EVEN as the ruling party tries to make what political capital it can out of the Asghar Khan case, it will probably not be able to sweep under the carpet the real question: who will punish the generals? If Nawaz Sharif and other politicians took bribes to rig polls, who doled out those bribes? And here’s another complication: at whose direction was the money handed out? For all the temptation to use the case to make the main opposition look bad before the general elections, the ruling party knows it will look just as bad if it tries to implement only those parts of the Supreme Court verdict that suit it best. Because along with sordid tales of how low Pakistani politicians can go, there are two other important things at stake as the IJI saga unfolds in all its gory detail: the government’s courage in the face of the military, and its willingness to accept that a Pakistani president should not be involved in politics.

Perhaps that is why the FIA has yet to start investigating who received the money, despite the ruling party’s protests about the evil machinations of the PPPs opponents and the PML-N itself now courting a probe. For the opposition party, this appears to be a reasonable political gamble at the moment: invite accountability, betting that the ruling party will not have the fortitude to open up a can of worms that will require trying retired but very senior army generals and will also invite more questions about the PPP co-chairman’s occupancy of the presidency. Add to this the assessment that concrete proof about who received bribes will be hard to come by, and the opposition’s push for an investigation emerges as a reasonable risk-reward calculation.
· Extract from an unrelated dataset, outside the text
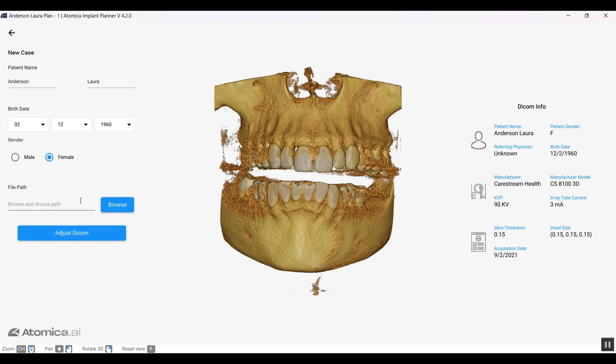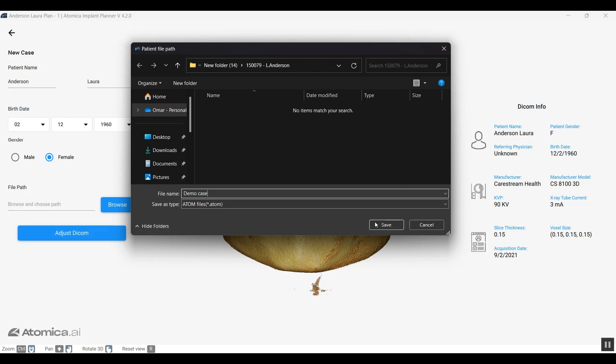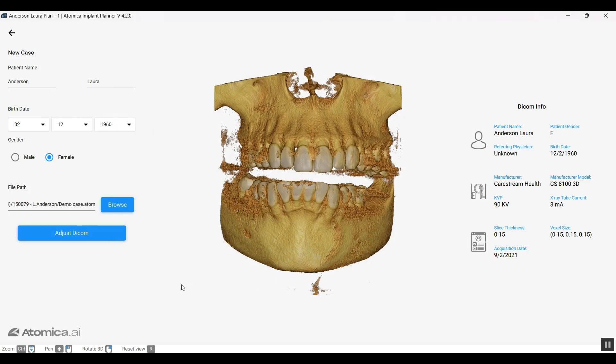The very first step before planning is we need to browse and choose a file path where we're going to save our planning file. Let's name that demo case. It's saved under our format which we call Atom. Let's save that to save the file and move forward to the next step.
But that is consistent with the opposition’s primary goal at the moment — performing well in the general elections. For a ruling party that claims to have achieved a milestone for Pakistani democracy, something more last-ing should be at stake. Through a combination of its own political savvy and because of the leanings of the current chiefs of the military and the judiciary, the government and the president have managed to bring the country to the brink of completing a full democratic tenure. But during that time they have hardly been willing or able to assert their authority as the military’s commanders. This could be the last real test of the current set-up’s commitment to democracy. With just a few months left to go, a civilian trial of generals Beg and Durrani, rather than leaving their fate to the military, would add to a lasting legacy.